Dataset excerpts:
◇ ◇ ◇ ◇

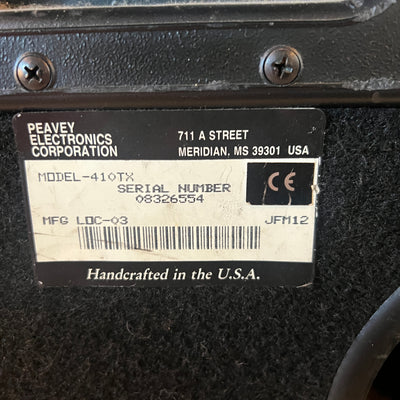 Peavey 410TX 4x10 Ported Bass Cabinet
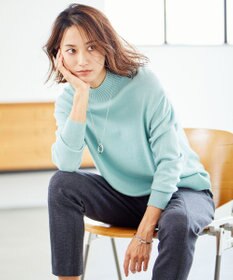 J.PRESS LADIES 【洗える・WEB限定カラーあり】CASHMERE BLEND ハイネック ニット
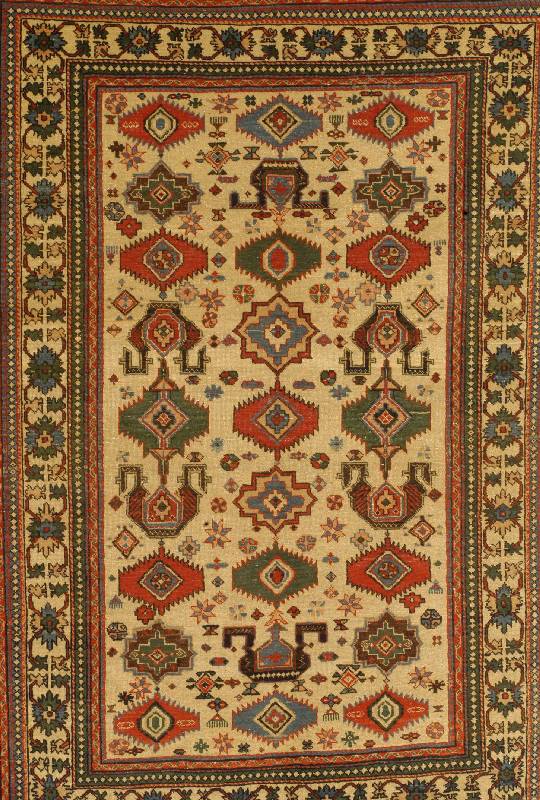 Kazak, Russland, ca. 60 Jahre, Wolle auf Wolle, ca. 174 x 117 cm, Schätzwert: 2200.- EURO, EHZ: 3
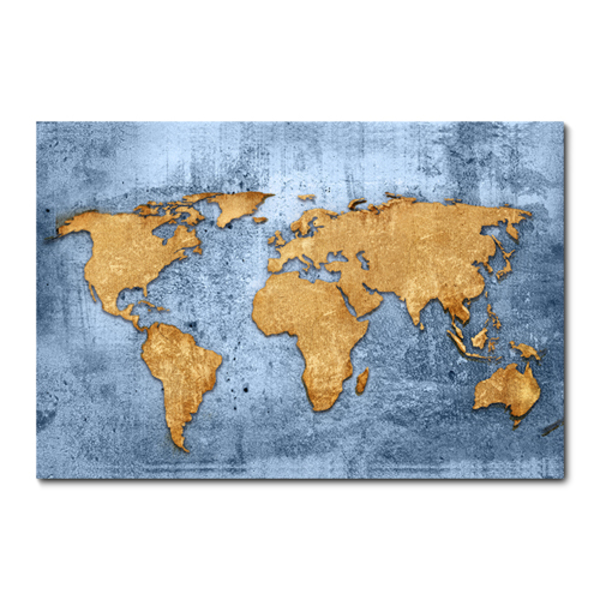 Placa Decorativa Mapa Mundi 1260plmk Leroy Merlin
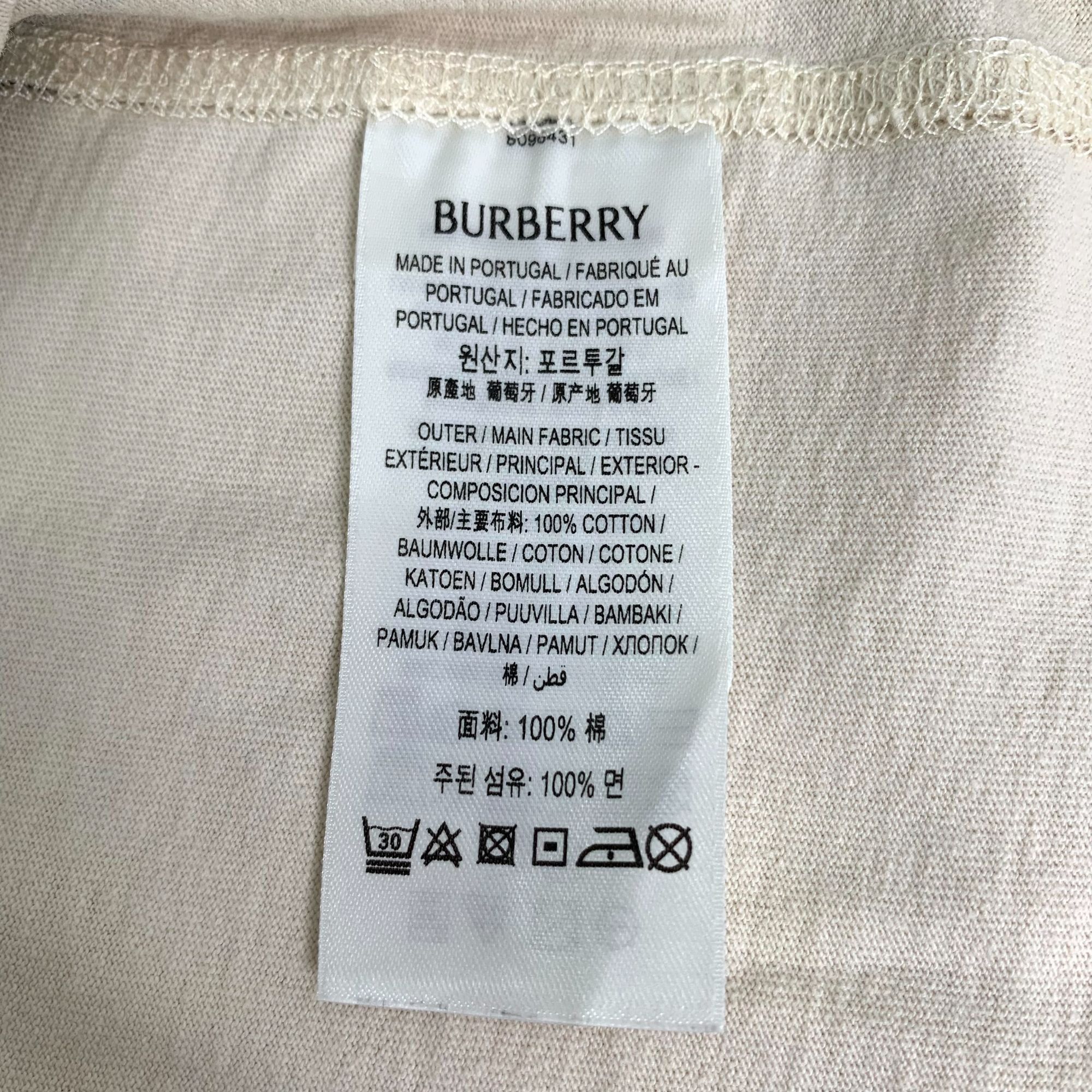 Burberry Burberry Beige Swan Print Cotton Long Sleeve T-Shirt M Size M / US 6-8 / IT 42-44 - 3 Thumbnail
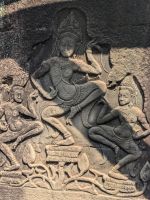 Apsara Figuren Wandrelief Bayon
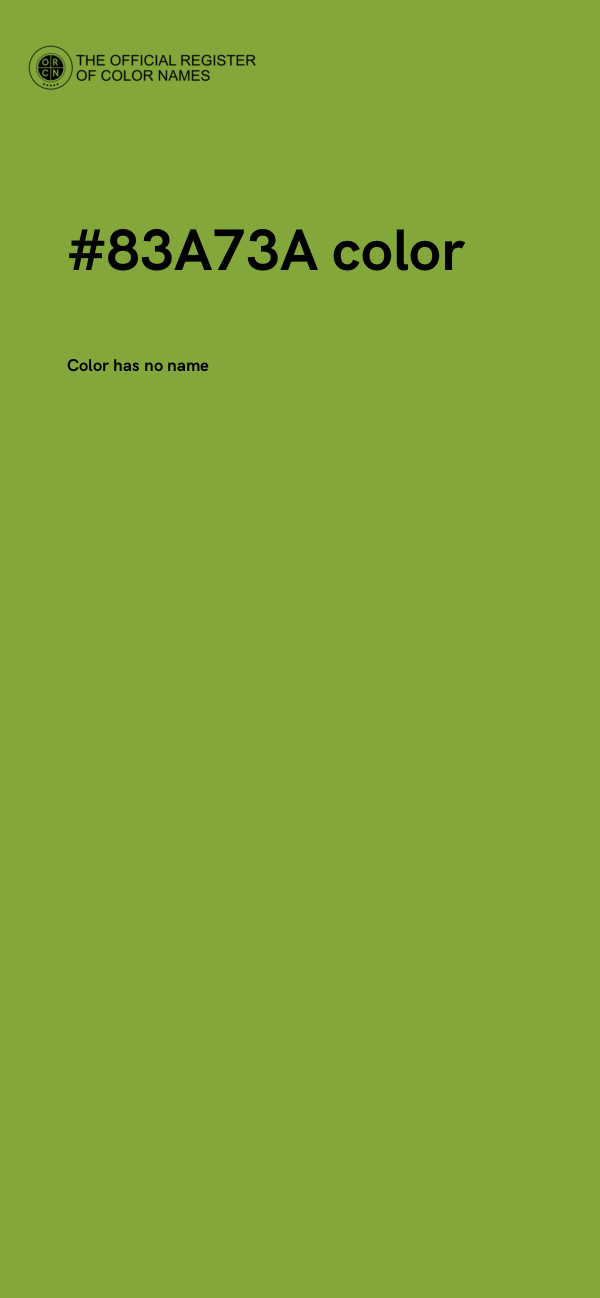 #83A73A color image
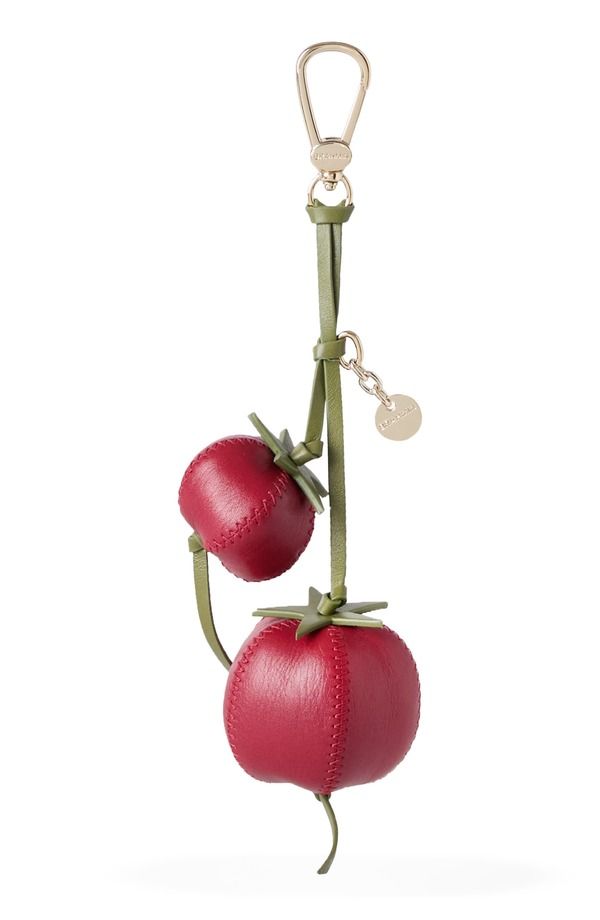 ブランミン レディース バッグ レザー Brahmin Tomato Leather Bag Charm SALSA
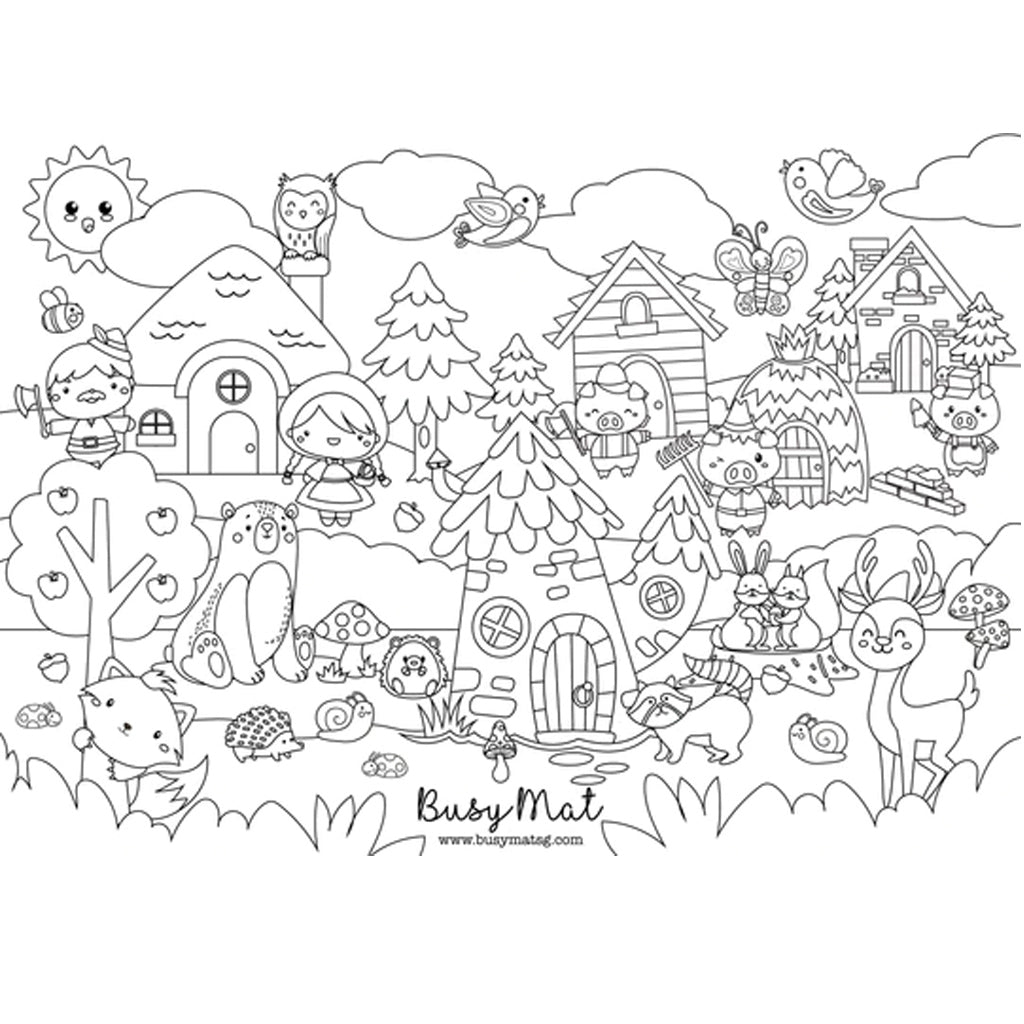 Busymat Large Placemat - Whimsical Woods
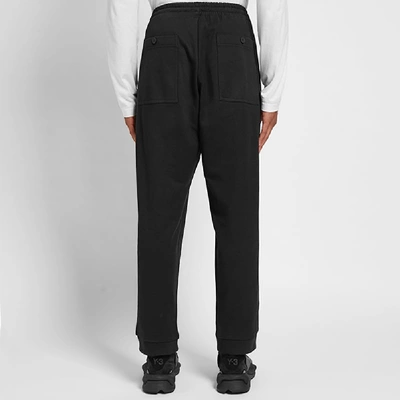Shop Y-3 3 Stripe Cuff Pant In Black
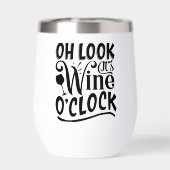 Oh kijk, het is wijn op de klok (Achterkant)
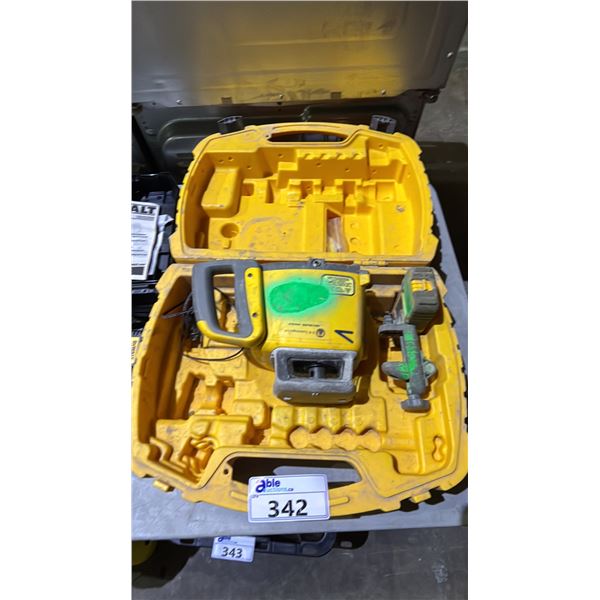 SPECTRA PRECISION SELF-LEVELLING LASER LEVEL IN CASE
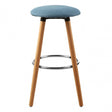 Stockholm Blue Round Bar Stool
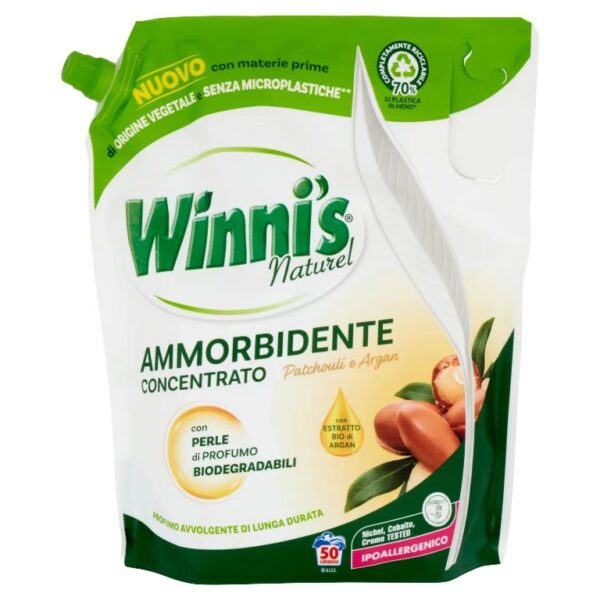 Winni's Ammorbidente Busta 50Mis. Patchouli e Argan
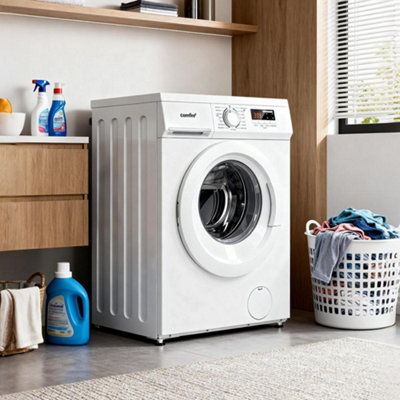 White 8kg Freestanding Washing Machine with 15 Programs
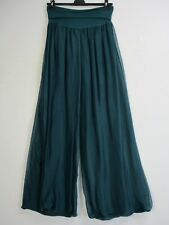 Femmes 30% Soie 70% Viscose Pantalon Palazzo Un Taille : Standard & Unique :p comprar usado  Enviando para Brazil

◇ ◇ ◇ ◇

About this task:
All of the data above should be transcribed verbatim, with pictures omitted.

Exercise solution:
 Peavey 410TX 4x10 Ported Bass Cabinet
 J.PRESS LADIES 【洗える・WEB限定カラーあり】CASHMERE BLEND ハイネック ニット
 Kazak, Russland, ca. 60 Jahre, Wolle auf Wolle, ca. 174 x 117 cm, Schätzwert: 2200.- EURO, EHZ: 3
 Placa Decorativa Mapa Mundi 1260plmk Leroy Merlin
 Burberry Burberry Beige Swan Print Cotton Long Sleeve T-Shirt M Size M / US 6-8 / IT 42-44 - 3 Thumbnail
 Apsara Figuren Wandrelief Bayon
 #83A73A color image
 ブランミン レディース バッグ レザー Brahmin Tomato Leather Bag Charm SALSA
 Busymat Large Placemat - Whimsical Woods
Shop Y-3 3 Stripe Cuff Pant In Black
 Oh kijk, het is wijn op de klok (Achterkant)
 SPECTRA PRECISION SELF-LEVELLING LASER LEVEL IN CASE
 Stockholm Blue Round Bar Stool
 Winni's Ammorbidente Busta 50Mis. Patchouli e Argan
 White 8kg Freestanding Washing Machine with 15 Programs
 Femmes 30% Soie 70% Viscose Pantalon Palazzo Un Taille : Standard & Unique :p comprar usado  Enviando para Brazil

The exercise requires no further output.